About nine months later, I received an opportunity to become the project manager for an SAP implementation for Accenture’s first health client in Saudi Arabia. My first reaction was: “When I said ‘abroad,’ I was thinking something sexier like Singapore or Brazil. ... I would have never thought about Saudi.” My second reaction was: “No way. A woman leading a project in a country where she cannot even drive? I will never be credible.”
On top of this development, I learned I would be the first female executive with Accenture bringing her family there. I like being the “first,” but this time might have been a step too far, I thought. But the part of me that has always been pushing boundaries won the battle. Being successful in such conditions was the ultimate challenge I could take.
On the administrative side, it hasn't been a bed of roses.

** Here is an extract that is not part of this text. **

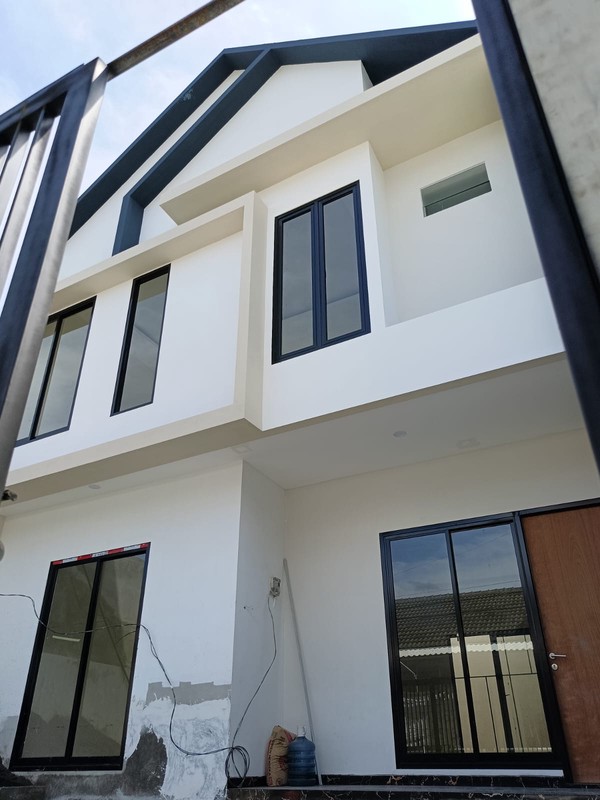 jual Rumah Baru Gress Mulyosari Surabaya Lokasi Strategis Dekat Galaxy Mall dan ITS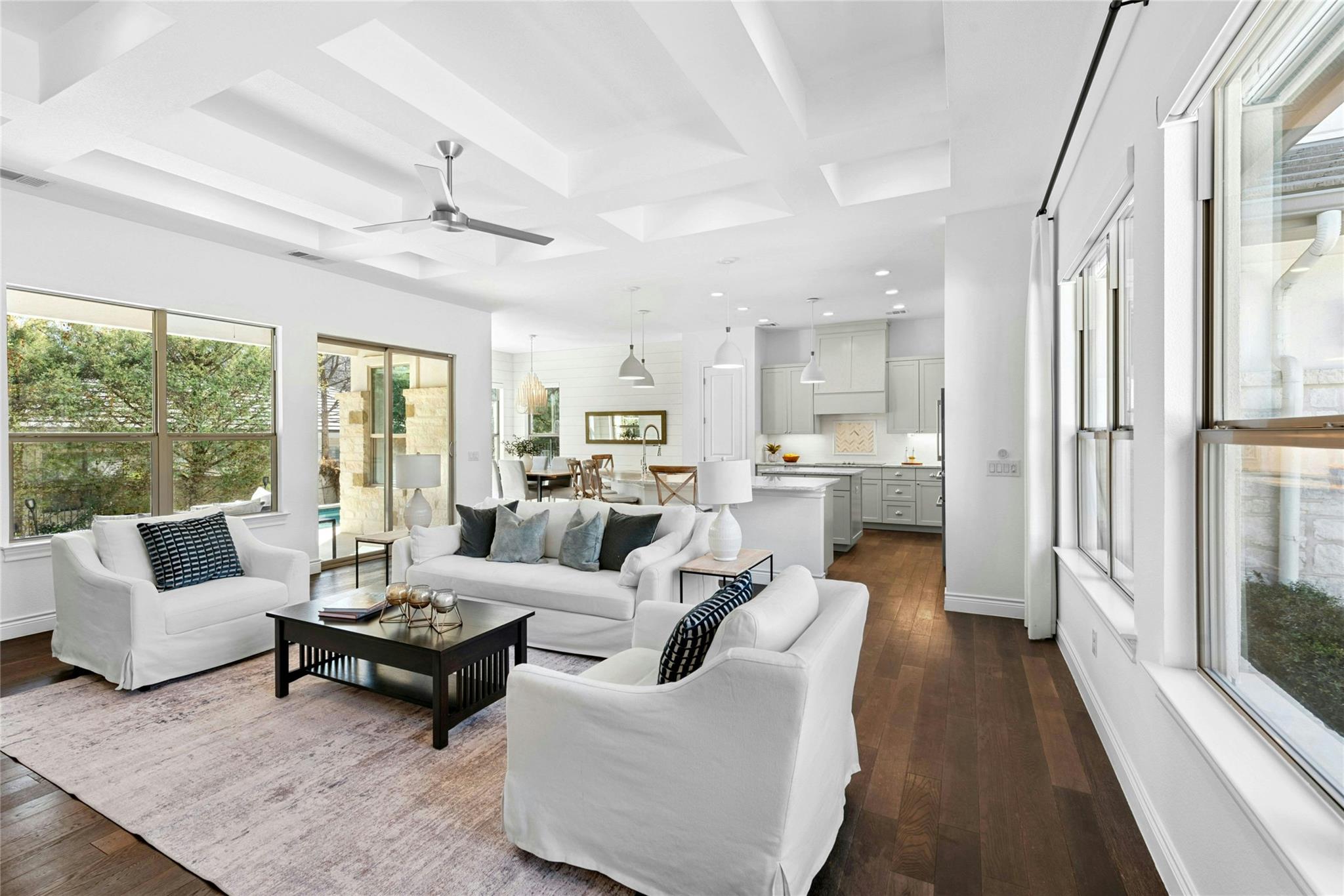 3 Camwood Trl, The Hills, TX 78738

To give you an idea, my company had long discussions with Saudi authorities to get my family a proper visa because having a woman as a head of a family was something new to them. But still, we made it there, the three of us. And then started a 15-month adventure.
This experience was more than I expected. On the professional side, it gave me confidence that I can manage any kind of project in any kind of environment. I have been in impossible situations.
How do you deliver when IT security is shutting down your VPN (virtual private network) three months before go live and you need six weeks to get proper visas for your people? How do you keep moving forward in the Ramadan month when your team members and clients are fasting all day? You do it by being open on what can be done and not done in the given constraints and by being unconditionally constructive. This approach is the only way you can build trust, with your clients, with your team members, with your leadership.
On the personal side, it helped me to have a better understanding of Muslims. I never met people with faith so embedded in their day-to-day life, and I respect them for having such strong beliefs. On the family side, thanks to the life in Saudi and the easy travel to Asia from there, I am proud my now four-year-old son understands the difference between Buddha, Allah and Jesus. This experience is bringing him what I always wanted for him and the reason why I like travelling: eyes wide open on the rest of the world to have an open mind.